The hash-map allows us to represent the properties of a given entity in the code.
For those of you who are more familiar with SQL, it should be noted that there is no schema. Just because a key is called user:id does not mean it has the same fields as another key following the same naming convention.
It is the developer’s responsibility to manage any missing data.
We have the same notion of the counter inside the hash in the sense that we can increment the value of a key.
You can assign and retrieve all the values of a hash map at once, or retrieve only some. We can also delete a field in the hash map and list the keys in the hash.
This makes it an inefficient data model for locating an element by its index in the middle of the chain.
However... when adding or removing elements on each side at constant memory cost, whatever the length, it’s perfect. All you have to do is recreate or delete a new connection at one of the ends of the list.
This is perfect for making queues (in first-in-first-out or FIFO mode) or stacks (in last-in-first-out or LIFO mode)
We can limit this list’s length, making it trivial to manage the list of the last X elements.
Sets are a collection of unique strings. They’re handy for counting the number of occurrences. They’re also useful for modelling 1-N or N-N relationships. For example, you can imagine that a Set represents all the tags of a blog post or all the blog posts with the same tag.
It becomes trivial to retrieve these relationships, which might require a heavy join query in SQL.
You can also make equiprobable random draws in these Sets, which offer fun possibilities like choosing one or more users at random or making a card draw.

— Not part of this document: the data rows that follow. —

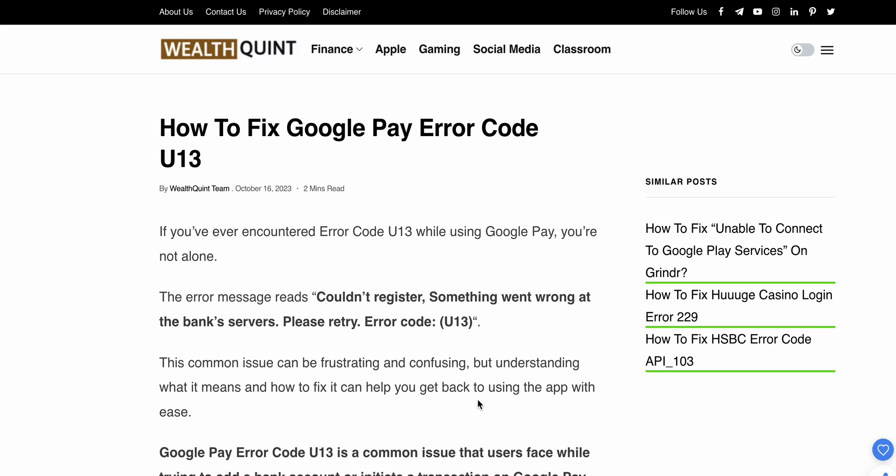Today we see how to fix the Google Pay error code U13. If you have ever encountered error code U13 while using Google Pay, you are not alone. The error message reads: 'Could not register, something went wrong at the bank server, please try later, error code U13.' This error can be frustrating and confusing, but understanding what it means and how to fix it can help.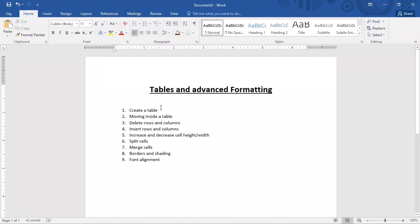Hi, welcome everyone. Today we will be talking about tables and advanced formatting in Microsoft Word. These are all the steps we're going to be taking today, from creating the table down to the font alignment. We're going to start with creating a table.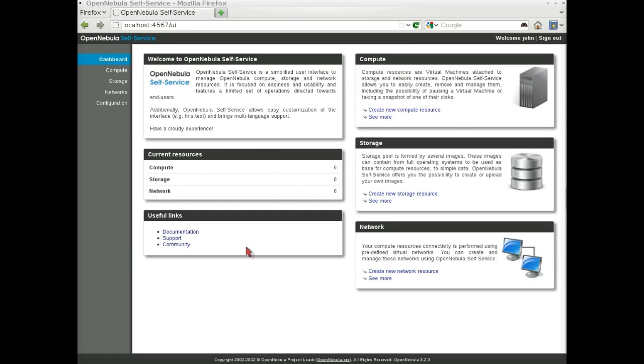After the login is performed, we can see the Self Service dashboard, which offers information, summaries, and shortcuts to manage the resources. These boxes can be customized by your cloud provider.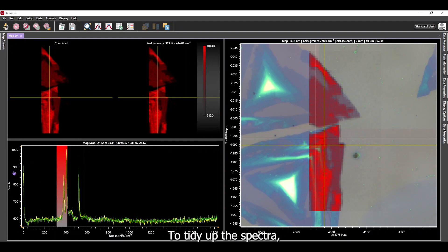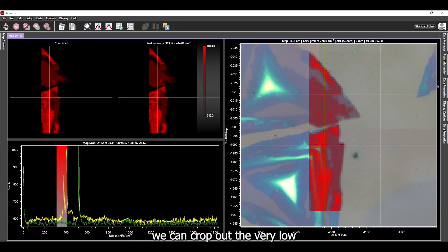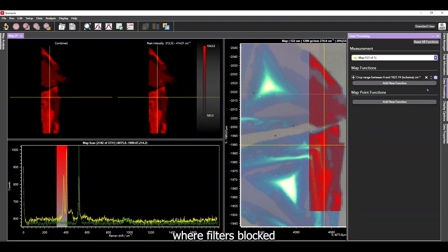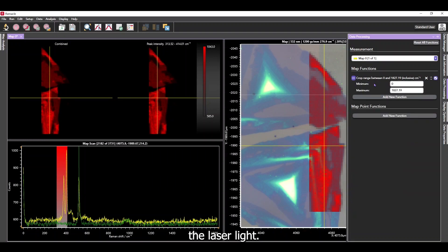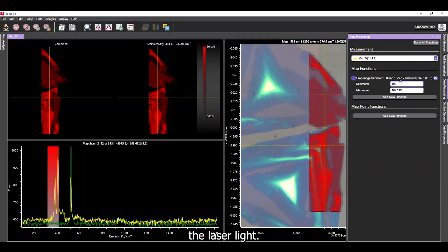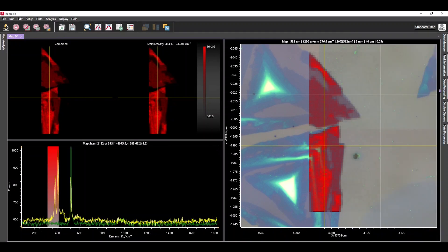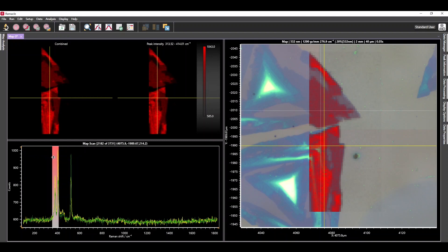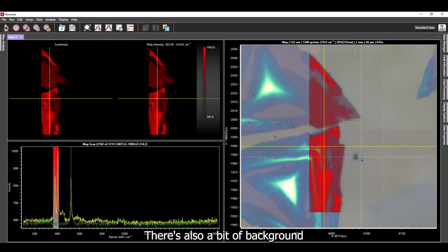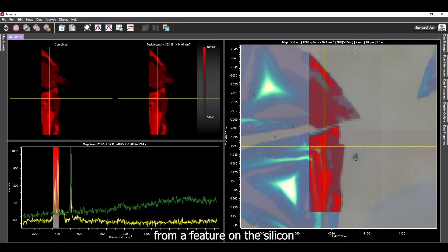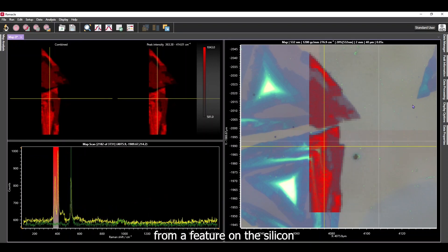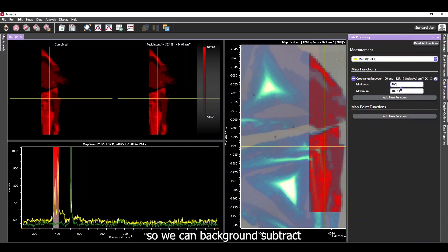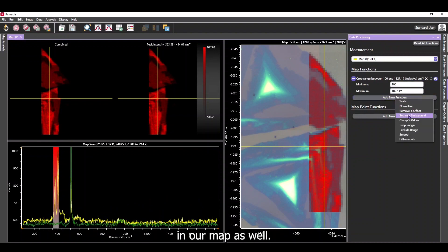To tidy up the spectra, we can crop out the very low wave number region where filters block the laser light. There's also a bit of background from a feature on the silicon, so we can background subtract all of the spectra in our map as well.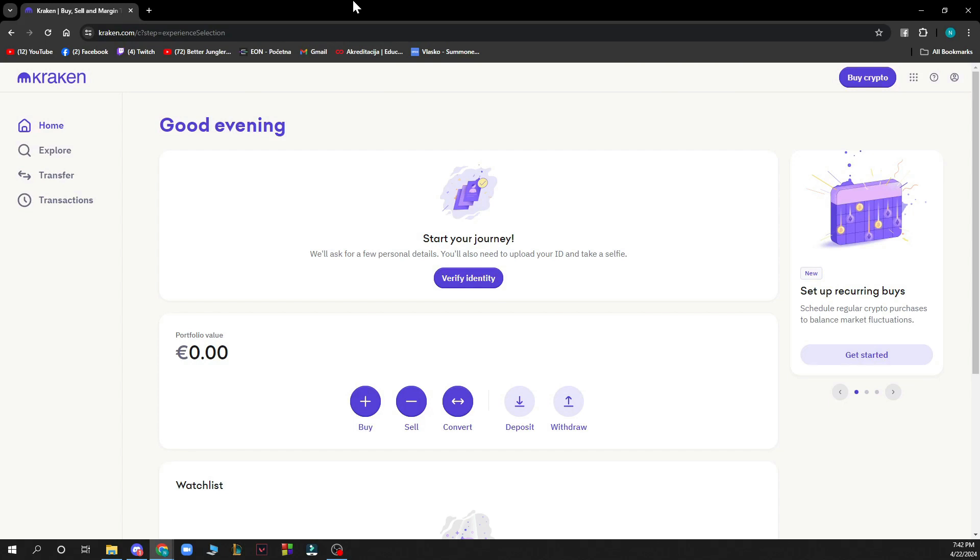When you did that, just log into your account. If you don't have one, you can register to Kraken. If you don't know how to do that, you can visit our YouTube channel where we have plenty of Kraken videos showing how you can do this.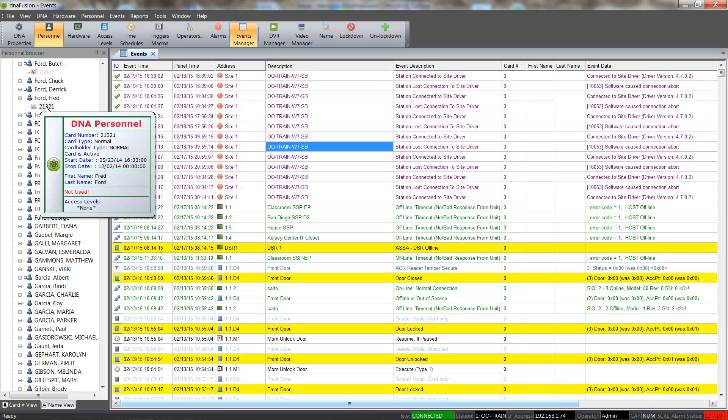As you can see, there are a couple of different ways to remove access levels from a cardholder's card, including right-clicking on the card without the need to open the cardholder's record. I encourage you to find the manner that works best for you. Thank you for your time.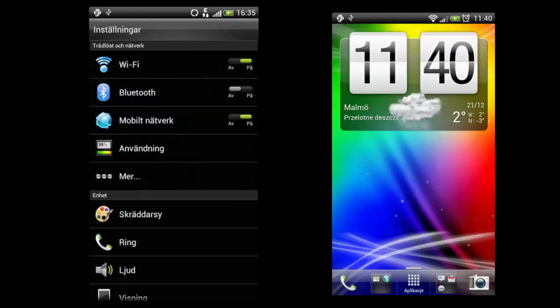In the screenshots you can actually see that the ROM is flashed onto a HTC Sensation for all of you with that device. You're lucky.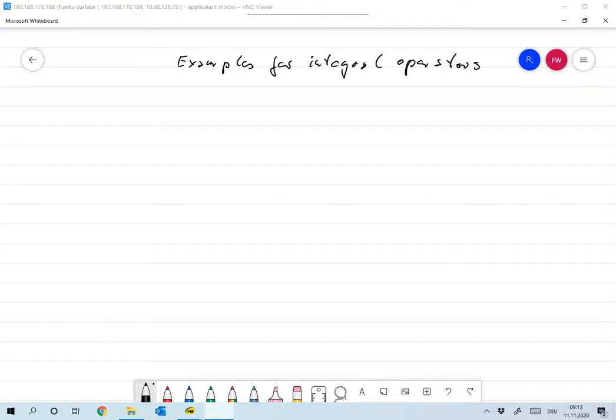Welcome to this fourth part of the lecture. After our small excursion on Hilbert spaces, let's return to Banach spaces. I want to give you some more examples for integral operators that we'll be using throughout the lecture.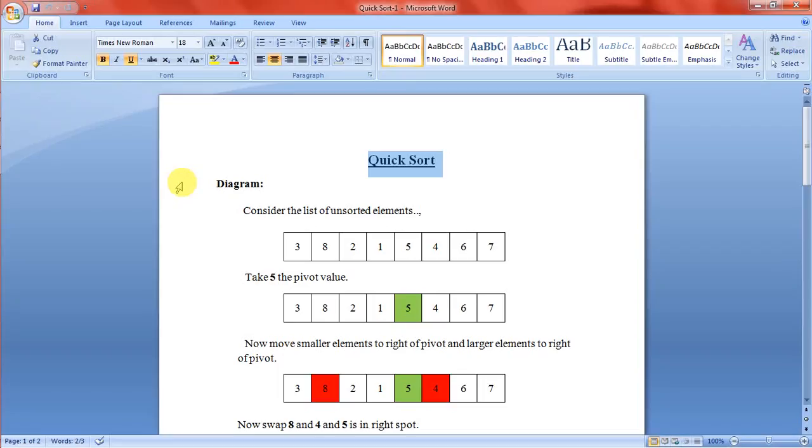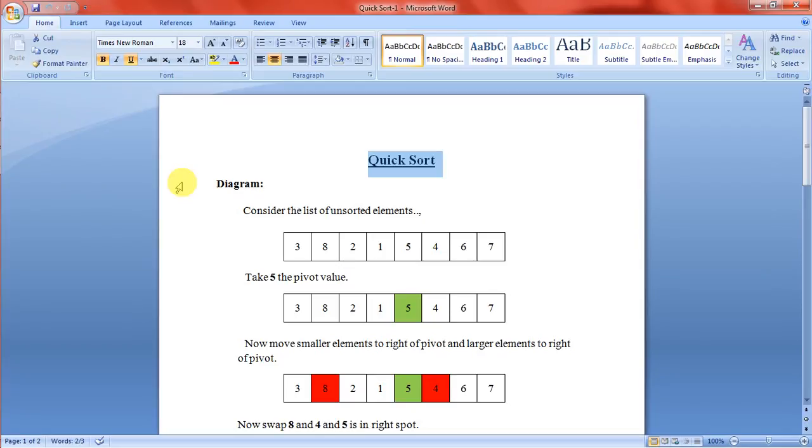Hi friends, in this video we are going to see about quicksort. Quicksort is a more efficient sorting algorithm which is based on array partitioning. It is efficient for large amounts of data.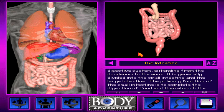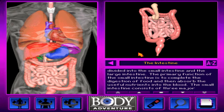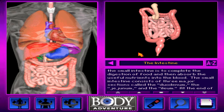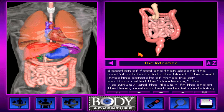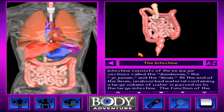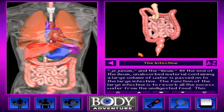The primary function of the small intestine is to complete the digestion of food and then absorb the useful nutrients into the blood. The small intestine consists of three major sections called the duodenum, the jejunum, and the ilium. At the end of the ilium, unabsorbed material containing a large volume of water is passed on to the large intestine.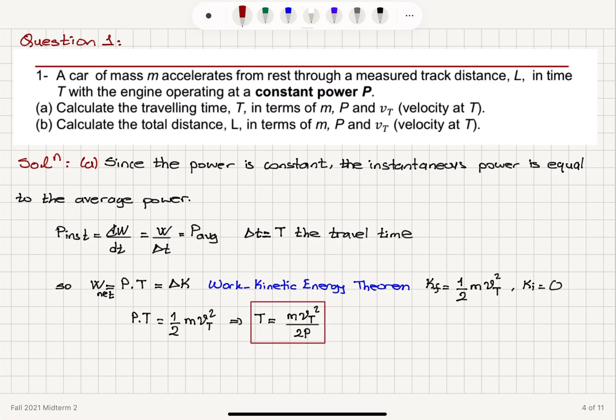The question asked us to calculate T in terms of M, P, and V. Here we have M, V, and P — therefore this answer is acceptable.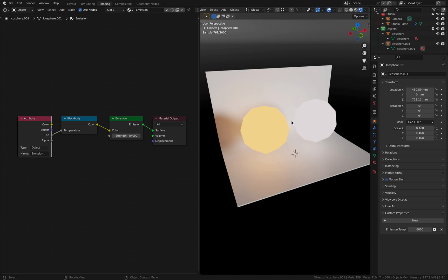So the possibilities are endless here and I'm sure you will find a good use for this technique in the future. OK, see ya.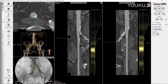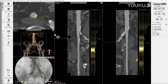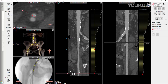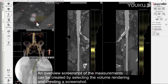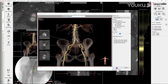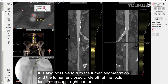An overview screenshot of the measurements can be created by selecting the volume rendering and creating a screenshot. The Embedded Pictures box needs to be checked. Thumbnails of the individual measurements are shown. It is also possible to turn the lumen segmentation and the lumen-enclosed circle off at the Tools icon in the upper right corner.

Redis also has sorted Sets, where each element is associated with a score.
This makes it trivial — in terms of performance — to extract the top values to make a leaderboard, a ranking, or to retrieve a segment around a given score.
Sorted Sets are also useful, therefore, to model time series.
Other data structures
There is the BitMap data structure. These are binary tables which model a binary mask type. These can be very useful for stuff like managing rights in a session.
Next, there is the HyperLogLogs data structure. The name is weird. The concept is fascinating but a bit complex to wrap your mind around it. HyperLogLogs are probabilistic sets. What does this mean? HyperLogLogs allow you to estimate the number of unique things (such as IPs) while sacrificing accuracy for performance and maintaining a small memory footprint. Typically this is useful for analytics, where you need orders of magnitude, not exact numbers.
There are also data models for geohashing and streaming log flows.
In short, as you can see, Redis offers a whole load of special features with very versatile data models.
Redis’ Use Cases
Now, when should you use Redis, and when should you not?
Let’s start with when you should not.
The most obvious case where you should avoid Redis is when manipulating very large Data Sets. Redis is made for data that fits within a computer’s memory. And even if it is possible to cluster Redis servers, memory is still the most expensive storage medium.
The other case where you should avoid Redis, which is a little more subtle, is when you must have ACID transactions. I have a video that explains what this means.
Since memory storage is volatile, you risk losing a few seconds of information if there is a power cut, even if you are backing up your data to disk. However, if you don't need that level of Durability (the D of ACID), Redis can function as a primary database.
Now what else makes a good Redis use case?
Redis is ideal for use as a cache, i.e. to speed up the performance of a stack where data access is slower. The caching of frequently used objects is probably Redis’ most frequent use case. Redis is also very useful for managing sessions or analytical data. In general, Redis is very useful for all its specific use cases
To code a leaderboard, a tasks queue, or a message transfer system.
In short, whatever stack you use, Redis can probably be used as a complement. It can provide specific functionalities it provides that traditional databases do not.
But to make that choice, you need to know and understand its features, and I hope this article has given you a taste of what Redis can do for you.